I admit it. I use to be a Soap fan when I was a teenager. Lured by the romance and drama, I assumed real life as an adult would play out in the same fashion. Boy was I wrong!
Real life isn’t like what we see on TV or read about in romance novels. In fact, these things can be dangerous to both single and married people alike. When our idea’s about life leave us dissatisfied, we can easily be temped to look at other options. Soap Operas, pornography and romances novels encouraged this kind of risky behavior that can lead to sin.
Often we convince ourselves that just looking or dreaming about being with someone other than our spouse is okay as long as we don’t actually do anything about it. Likewise, some single people feel that they can lust after another too as long as they remain physically pure. The truth of the matter is neither has remained pure. Jesus said, “But I tell you that anyone who looks at a woman lustfully has already committed adultery with her in his heart.” (NIV) That goes for us gals, too.
I imagine that Potiphar’s wife could be described as the “first” desperate housewife. She didn’t have TV or a romance novel to read. She had something better. Joseph. He was the head workman in charge who conveniently lived in her home and was pleasing to her sight. Unknown to Joseph, he was about to become the prey of a desperate housewife.
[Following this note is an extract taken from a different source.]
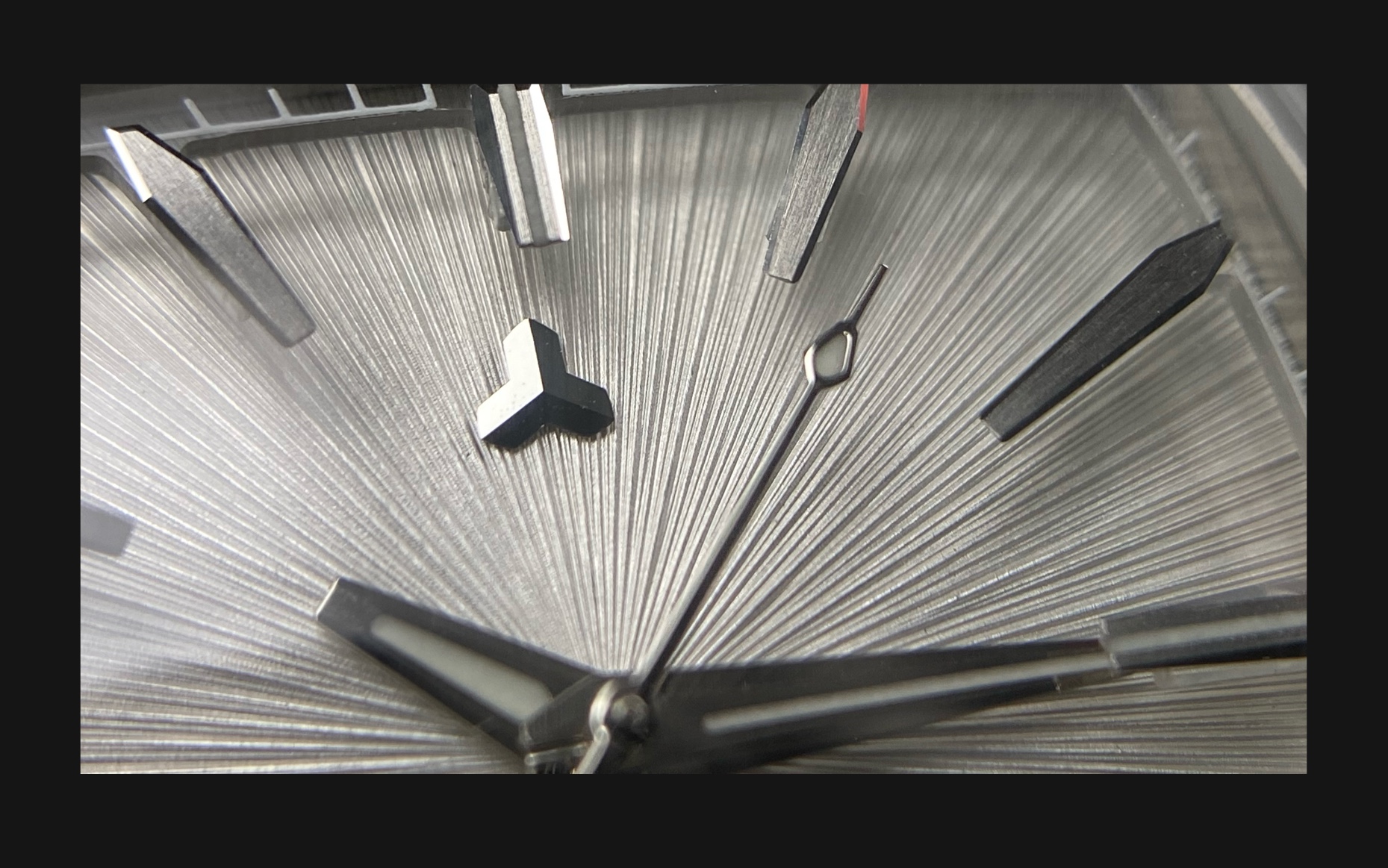 Flux Watch in Silverstone, macro shot focusing on the silver dial and sharp silver hour markers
This Egyptian woman didn’t happen to notice Joseph one day and then, on the spur of the moment, ask Joseph to lie with her. No. Our key verse tells us she “cast her eyes upon Joseph” and spoke with him day after day. In other words, she watched him, she flirted with him, and she dreamed about him until her sinful thoughts led to action. Her husband ought to have been to her a “covering of the eyes” from all others. Instead, with the lust in her heart, she was daring and shameless in her sin.
How do we keep from falling into such sin? We should follow Job’s example. “I made a covenant with my eyes not to look lustfully at a girl [or boy].” (Job 31:1) We each have a great need and responsibility to make a covenant with our eyes. Remember that children’s song you sung in Sunday school?
“Be careful little eyes what you see? Oh, be careful little eyes what you see. For the Father up above is looking down in love. Oh, be careful little eyes what you see.”
We can protect our eyes is by choosing not to watch movies, pornography or TV shows that glamorize sexuality and can lead us into temptation. Our own husbands should be the covering of our eyes that protect us from looking at others. Besides, the grass is not always greener on the other side. I guarantee that guy doesn’t clip his toe nails either.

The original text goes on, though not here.